**Data below:**
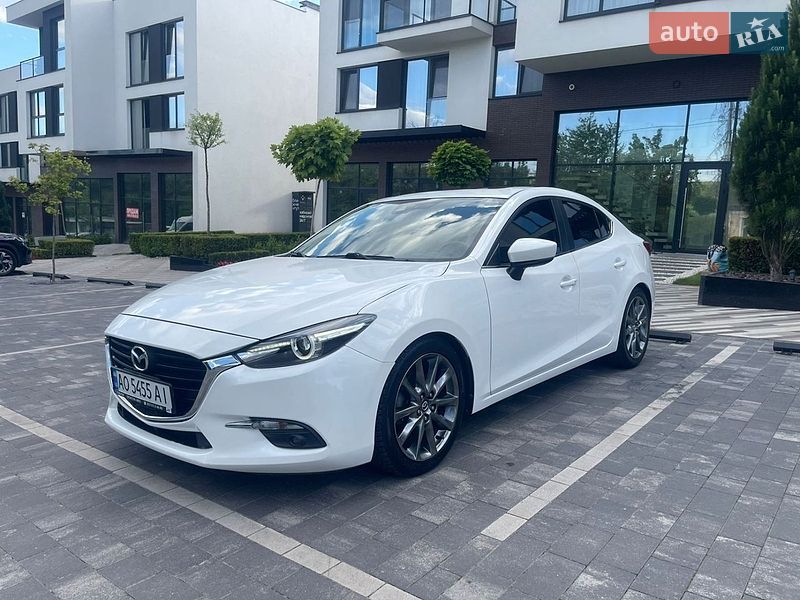 Седан Mazda 3 2017 в Ужгороде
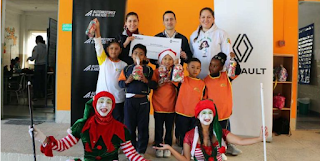 Renault celebró la Navidad con un gesto de solidaridad junto a la fundación Caminitos de Luz Renault celebró la Navidad con un gesto de solidaridad junto a la fundación Caminitos de Luz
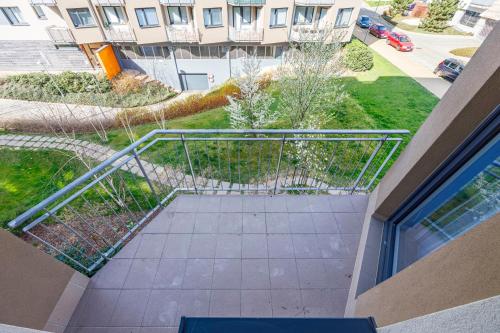 Balkón nebo terasa v ubytování New cozy apartment, Free Parking!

**Task:** Print the full listing again exactly, and drop every image from it.

**Response to the exercise:**
 Седан Mazda 3 2017 в Ужгороде
 Renault celebró la Navidad con un gesto de solidaridad junto a la fundación Caminitos de Luz Renault celebró la Navidad con un gesto de solidaridad junto a la fundación Caminitos de Luz
 Balkón nebo terasa v ubytování New cozy apartment, Free Parking!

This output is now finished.